We've assigned the #1 spot on our 2013 list to a seemingly dated topic, rather than a new risk: compliance with government and industry-specific regulations. What's new is additional enforcement, making non-compliance potentially more expensive. The fallout of compliance failures also correlates directly with the second-largest risk factor in this list, instant exposure. The media spotlight, enabled by social media and mobile devices, can rapidly amplify any financial, health, education, or personal data breaches. In fact, the ability to respond quickly and properly marks the theme for all of the items on our 2013 list.
1. Compliance: It is a relentless battle for companies to comply with regulatory requirements. Regulations such as the Health Insurance Portability and Accountability Act, Gramm–Leach–Bliley Act, and Sarbanes-Oxley have been in place for several years now, and some companies have grown complacent. When these regulations first appeared, companies set policies and procedures to meet them. Today, your company may have new personnel, systems, or business operations. Are you still compliant? New legislation is giving some regulators more authority, increasing potential fines and sanctions for violations. Make it an annual tradition to revisit these regulations and check your compliance.

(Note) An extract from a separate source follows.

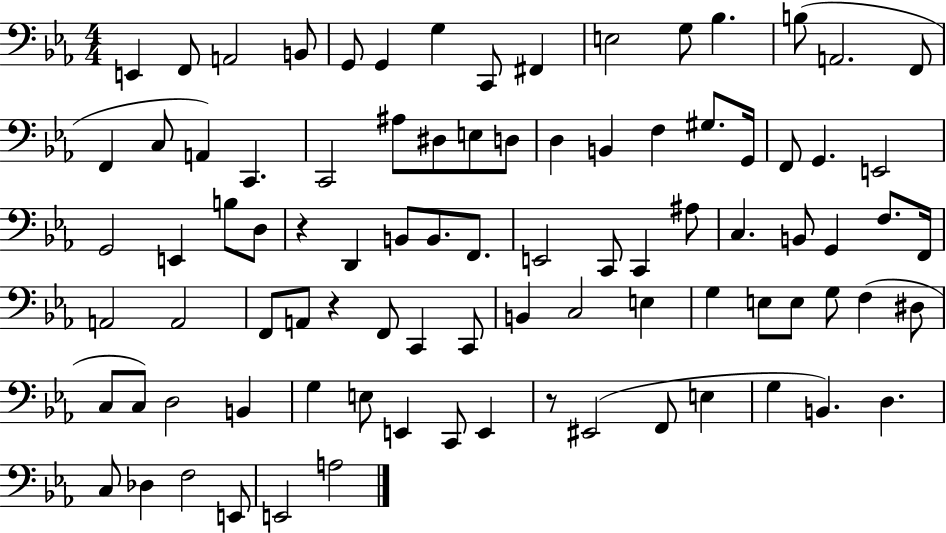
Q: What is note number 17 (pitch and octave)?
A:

2. Instant exposure to the world: A data leak is bad enough. News stories about your company's problems add insult to injury. Sites like Wikileaks use networks of hackers to obtain information and release it to the public. First, is your data secure? Second, does your company have a plan should a leak occur? The best plan is prevention, but if you run into a media storm, have your media response and social media policies and procedures ready.
3. Improved social engineering attacks: Your employees may be leaving the online "door" to your company unlocked. People often provide personal information in their social media profiles (addresses, birthdays, places of employment, hobbies, pets' names) that commonly comprise the answers to security prompts for password changes. Hackers can access an unsecured social media profile, then unlock passwords to bank accounts, credit cards, and employees' accounts on company systems. This practice—hackers taking advantage of people's natural tendencies—has come to be known as "social engineering." Educate your employees about online risks, and ask them to secure their accounts by removing personal details.
4. Smart phones, tablets, and other mobile devices: By their nature, mobile devices are easily stolen or lost. Your company needs to protect your data on any device. Employer-owned devices are more secure than employee-owned devices because the company can configure its IT security settings from central hosts. If you don't have an IT security policy for all the mobile devices that connect to your company's systems, write one this year.
5. Cloud computing and application service providers: Maintaining your own systems and business applications is costly and time-consuming. Many companies are going to the "cloud" and outsourcing application, hosting, and system maintenance to third-party providers. If you do this, find out how the provider accesses the cloud, what controls are in place, and whether connections to the provider are secure. If the Internet goes down, could it set your business offline? Is the connection encrypted? Perform due diligence on third-party vendors, and develop a back-up plan for accessing your data.
6. Logging: Are your systems configured to log security events, such as unauthorized network access attempts (either internally or externally), locked-out accounts, password failures, and other auditable events? If not configured correctly, logs can be unwieldy to review, reducing the chance they'll be reviewed daily. Systems are available to help aggregate logs and identify threats, and Managed Security Services (MSS) vendors can help monitor your system's perimeter for attempts to access your company's information.
7. Patching and system updates: Do you upgrade or "patch" your system as soon as you know there's a problem? Many public websites post details about system and application vulnerabilities with the aim to educate legitimate users, but hackers use this information as a roadmap for network access. You can greatly reduce the risk of unauthorized network access by putting a patch management program in place.
8. Internet protocol version 6 (IPv6): Internet protocol (IP) addresses have served us well for years, but, like phone numbers, we are running out of them. The old IP system (IPv4) is being replaced by IPv6, which provides longer IP addresses and more addressing options. IPv6 needs to be configured correctly to be secure. Educate IT personnel on IPv6 now to prepare for the transition.
9. Incident response: A breakout of malware on an internal network can wreak havoc in a short period of time. Be sure your company has an "Incident Response" policy and procedure guide. Identify and train the personnel who may need to respond quickly.
10. Passwords: IT security experts debate what defines a good password. Some say the more complicated the password requirements are, the more likely it is to be compromised because employees are more likely to write it down. Nonetheless, passwords are still the first line of defense in protecting systems and applications. Companies should maintain strong password requirements, but due to hackers' increasingly advanced tools for cracking passwords, you may want to consider dual-authentication procedures for access to secure systems. RSA tokens and text message verification provide your systems with another layer of security.
The content of this article is intended to provide a general guide to the subject matter. Specialist advice should be sought about your specific circumstances.